Adding further complexity to that mix is the city of Tokyo itself. Players who enter the city get one victory point for entering and two victory points for each turn they start while in Tokyo. Also, while you’re there, all of your attack points do damage to everyone outside of the city. However, you can’t heal while in Tokyo, and every other player’s attack points will only hit you. Being in the city is a great way to earn points, but you’re also putting yourself at a greater risk of being killed, thus eliminated from the game. It sucks to have to watch the rest of the game play out from the sidelines, though you can generally avoid death by focusing on healing when you’re in the jam. Sure, the dice won’t always fall your way, but you generally have enough opportunities to take care of yourself before things go too far.

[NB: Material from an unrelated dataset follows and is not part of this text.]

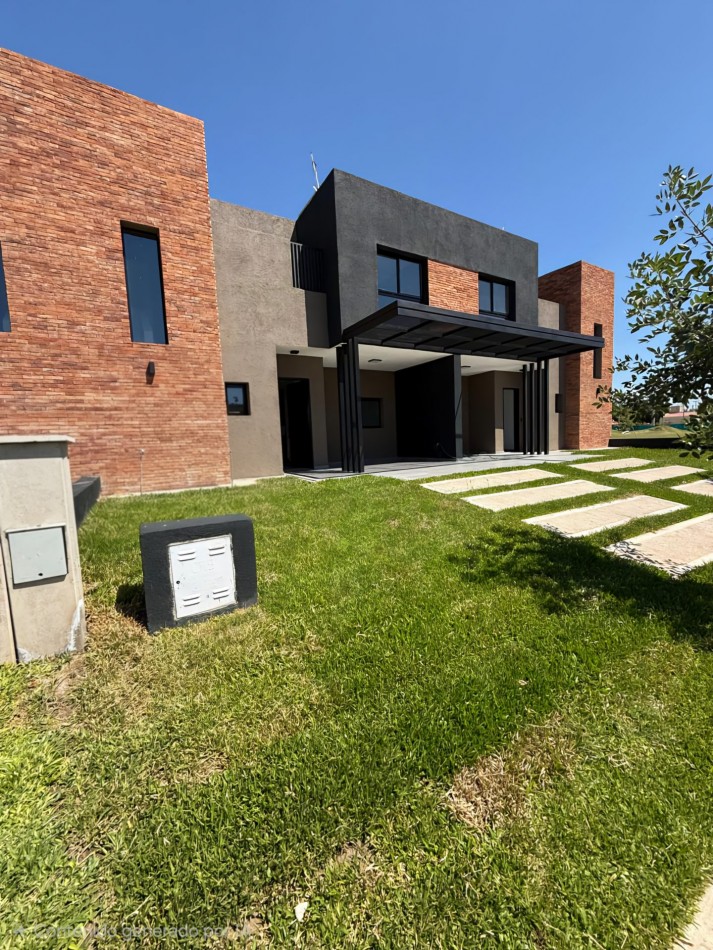 DUPLEX A ESTRENAR/ 3 dormitorios / 2 suites y cochera - San Ignacio Village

Because of the factors at play, your priorities will constantly change as the game progresses. Much of the work is done by the dice, but choosing the appropriate values and knowing when to hop into and out of Tokyo adds just enough strategy to make things interesting for those looking for depth. I wasn’t expecting much in the way of skill from this one, but the game gives you a lot of opportunities to make decisions that will impact the outcome of the game as much as your dice rolls will.
Thanks to its short learning curve, King of Tokyo is a great game to break out at a party with a more casual crowd. The game claims to support 2-6 players, though 3-4 is probably your sweet spot. With 5-6, the downtime gets to be a bit much. With only two, there isn’t really much of a battle going on. I played it with three and I had a really good time dueling dice with my opposition.
The only thing stopping me from buying this right now is the looming release of King of New York. Based on the early rumblings from Iello on the Board Game Geek forums, we know that:
1. Monsters will be able to move through different districts on the board.
2. The humans will definitely strike back!
3. The game should be a bit richer than KoT, but not much more complex.
Then again, this may not come out until much later in the year and I’m notoriously not a man of patience. If you don’t want to wait for King of New York, you’re still getting a quality game for your collection that may still stand on its own after its sequel is released.